Rouhani referred specifically to Armenia’s relations with Tehran in the face of US sanctions, but when it comes to gas, that statement would also necessarily extend to Russia.

“Both sides have been interested in having this visit,” said Shirinyan, pointing out that Pashinyan chose Tehran for his first state visit since becoming prime minister in December. When he first rose to power in May 2018 in snap elections following the Velvet Revolution, his first state visit was to the Georgian capital Tbilisi.

As a testament to the importance the Iranians placed on the two-day visit, Pashinyan was warmly received his first night by Ayatollah Ali Khamenei.

“It is a relatively new notion in Armenian foreign policy thinking that Iran can serve as a balance when it comes to trying to overcome reliance on Russia,” said Shirinyan. For Moscow, she points out, Tehran may be a less offensive partner for Armenia than Western rivals.

Technically feasible

Beyond politics, the Armenian proposal is technically feasible, according to Lilit Gevorgyan, principal economist for Europe and the CIS at IHS Markit.

The current infrastructure would allow for limited gas transits,” she said, referring to the Armenian pipeline. 

Considering the relatively small size of the Georgian energy market, Armenia’s current infrastructure should be able to handle the transit shipment. The current capacity of the Armenian–Iranian [pipeline] is reported at 2.3 billion cubic meters, just under the estimated 2.6 bcm total annual Georgian gas consumption in 2018.

Gevorgyan notes that spare capacity may not even be fully utilized, as Georgia’s main supplier is Azerbaijan.

Still, energy diversification will strengthen Georgia’s negotiating position vis a vis Azerbaijan, which announced its decision to raise gas prices for Georgia, a move coming after becoming the supplier of 99% of the Georgian natural gas imports,” she said.

When it comes to regional energy politics, staunchly pro-Western Georgia has for years pegged its fortunes to the Turkey-Azerbaijan block. Armenia, reliant on Russia, was left economically isolated, with the Turkish and Azeri borders closed over a territorial dispute, Georgia disengaged, and Iran crippled by sanctions.

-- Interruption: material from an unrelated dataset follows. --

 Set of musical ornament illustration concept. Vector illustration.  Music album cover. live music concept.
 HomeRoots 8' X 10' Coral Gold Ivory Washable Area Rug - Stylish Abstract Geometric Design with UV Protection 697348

Should the energetic new Armenian leader Pashinyan succeed in bridging the divide between Iran and Georgia, without alienating traditional allies, it could open a new page in the Caucasus.

Corrections: This article originally stated the Armenia-Iran pipeline was completed in 2001. It was completed in 2007. The pipeline’s capacity was stated as 2.3 mmcm, just under the estimated 2.6 mmcm annual Georgian gas consumption. Both figures have been corrected upon the analyst’s request to bcm.